Completed 4/22/2020, Reviewed 4/22/2020
This was a confusing jumble of aliens and subplots. It’s kind of a murder mystery, kind of a noir, kind of a space opera. I had higher expectations of this book as it is written by a woman considered to be the Grande Dame of Canadian Science Fiction. On top of that Ursula LeGuin was a first reader and wrote a high praise blurb for it. But I spent most of this book trying to figure out who was who, particularly, who was really an undercover agent. I thought the writing was passable and the world building insufficient for the number of alien races presented. All in all, a disappointing read.
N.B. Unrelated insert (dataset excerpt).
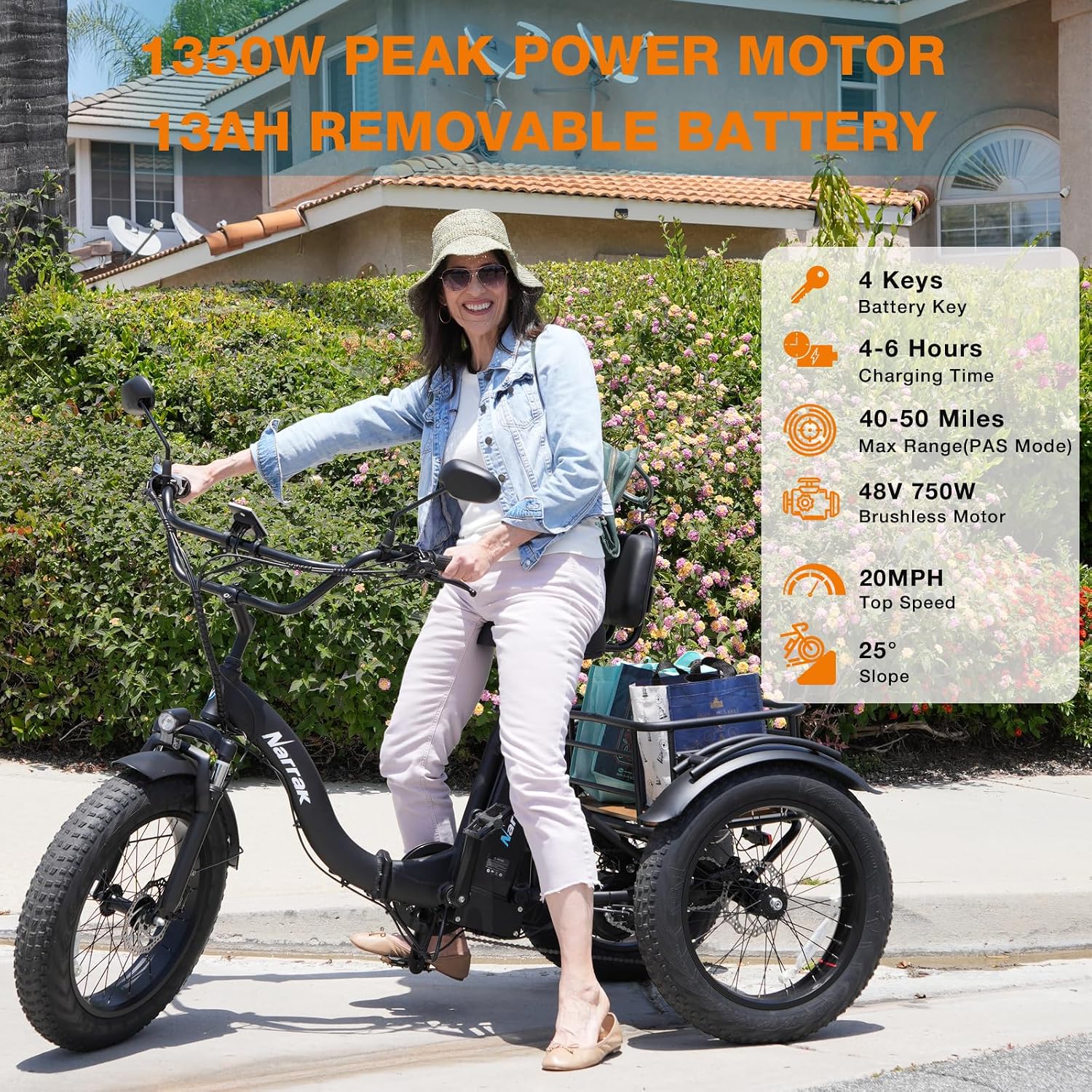 NARRAK Electric Tricycle for Adults,Fat Tire Folding Electric Trike,3 Wheels Electric Bicycle Bikes, Peak 1350W Step-Thru Etrike with Removable Battery and Large Basket for Women Men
The plot surrounds the intrigue of cloning slave races and the smuggling of them to different worlds. The story begins with Skerow, an alien described by earthlings, “Solthree” natives, as a streamlined baby allosaurus. She is a judge who is put on a case in the last minute. After she delivers her verdict guilty, she is nearly murdered, and nearly murders her attacker. In the meantime, she comes across a creature, sort of an amphibian-Solthree hybrid named Kobai in a tank outside a shop. Kobai screams at Skerow that she’s going to take revenge on Nohl for capturing her and selling her. Moved by compassion, Skerow vows to find out who this Nohl is, bring him to justice, and free the slave.
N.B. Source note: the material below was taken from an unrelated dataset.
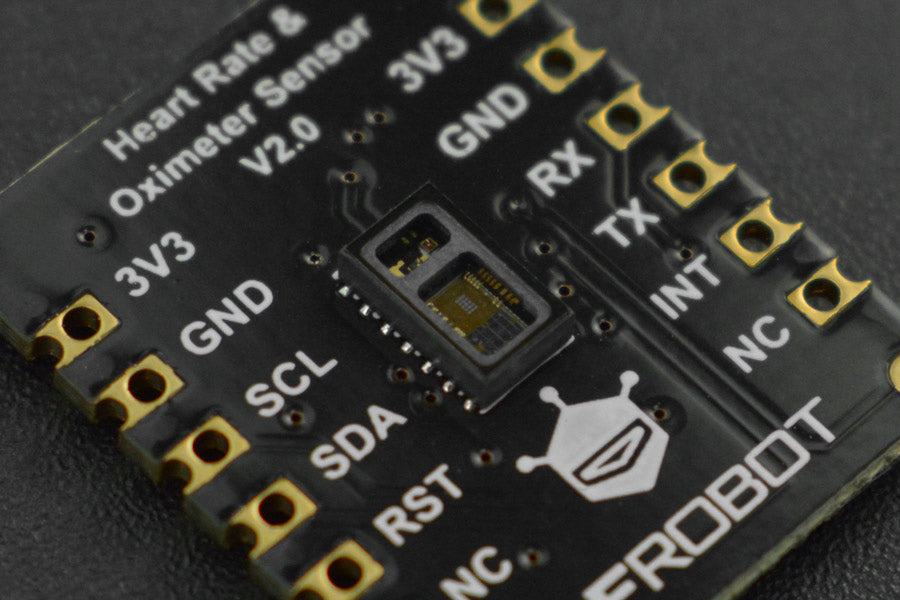 Fermion: MAX30102 PPG Heart Rate and Oximeter Sensor (Breakout, I2C/UART)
Then the plot gets really confusing. An undercover agent named Jacaranda is in a brothel owned a prostitution/gladiator/gambling mogul named Zamos. The brothel has acquired Kobai. Jacaranda is assigned to seduce Kobai in the tank where she’s being held, for public entertainment purposes. However, they release a killer sea creature and Jacaranda is killed. There’s another undercover agent named Ned Gattes who knew, maybe was partners with, Jacaranda. He’s assigned to get to the bottom of the murder, I think. Well, he’s posing as a gladiator, for entertainment purposes. There’s another guy, Lebedev, who might also be an undercover agent, working as a dealer at one of Zamos’ casinos. I think everyone is trying to bring Zamos down and/or get to the bottom of the cloning of races for slavery. So yeah, I’m not really sure exactly what went on. Most of what I was able to figure out was that nearly everyone is involved in uncovering this slavery ring and trying to not get killed in the process.
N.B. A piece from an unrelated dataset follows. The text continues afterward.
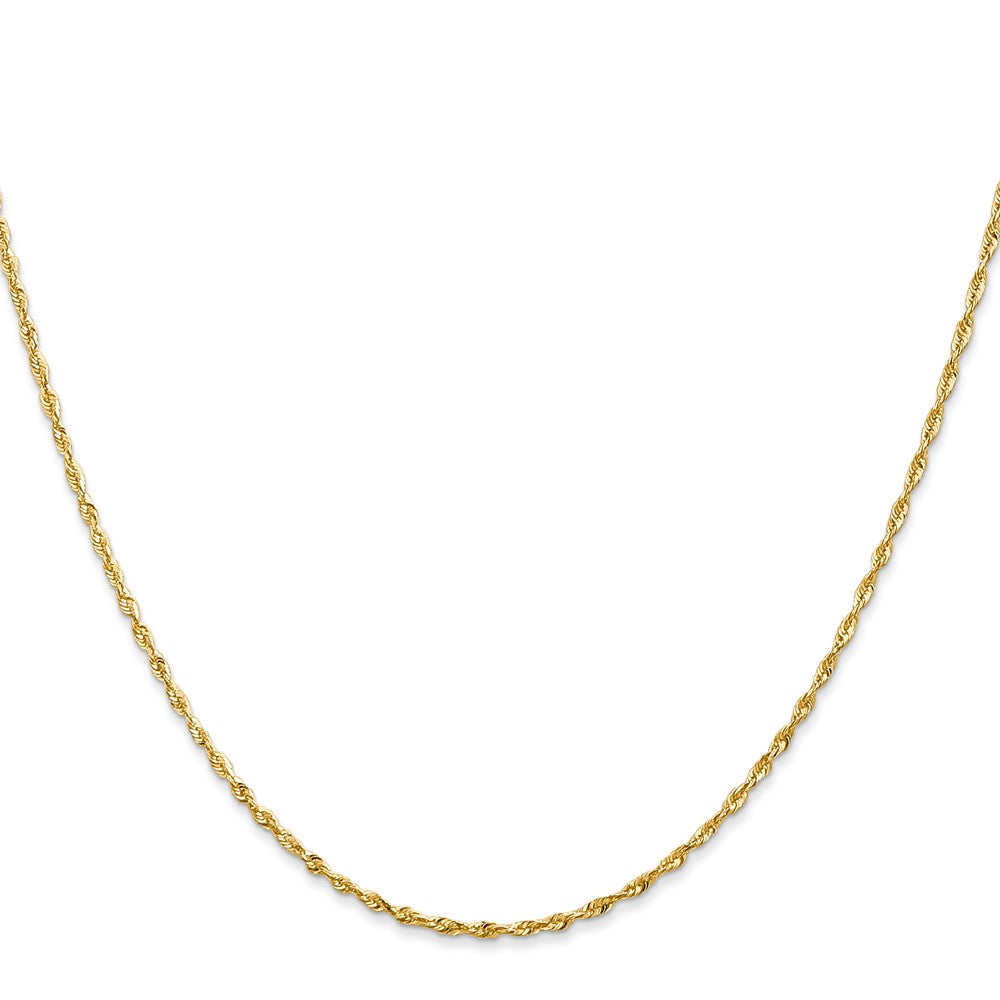14K 22 inch 1.5mm Ultra Diamond-cut Rope with Lobster Clasp Chain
Besides the confusing plot, I thought the world building was not sufficient to help me differentiate all the races involved. There are a lot of characters from primarily three or four different worlds. It became more confusing to me when there was travel between worlds. I was confused by who was what type of alien, where they were, and what their home planet was. In terms of the worlds, what I got out of it the most was that they had differing levels of oxygen, requiring some races to take oxygen tablets. I felt that if this was a movie or a TV series, it might work better, because there would be more visuals to help you identify the different alien races.
Needless to say, I didn’t like this book. I’m giving it two stars out of five because at least there was a lot of good intent, it was just poorly executed. This is the first book in a trilogy, and I have really no desire to read the rest of the books, or anything else by this author. Someone would have to really talk up one of her books before I tried another one.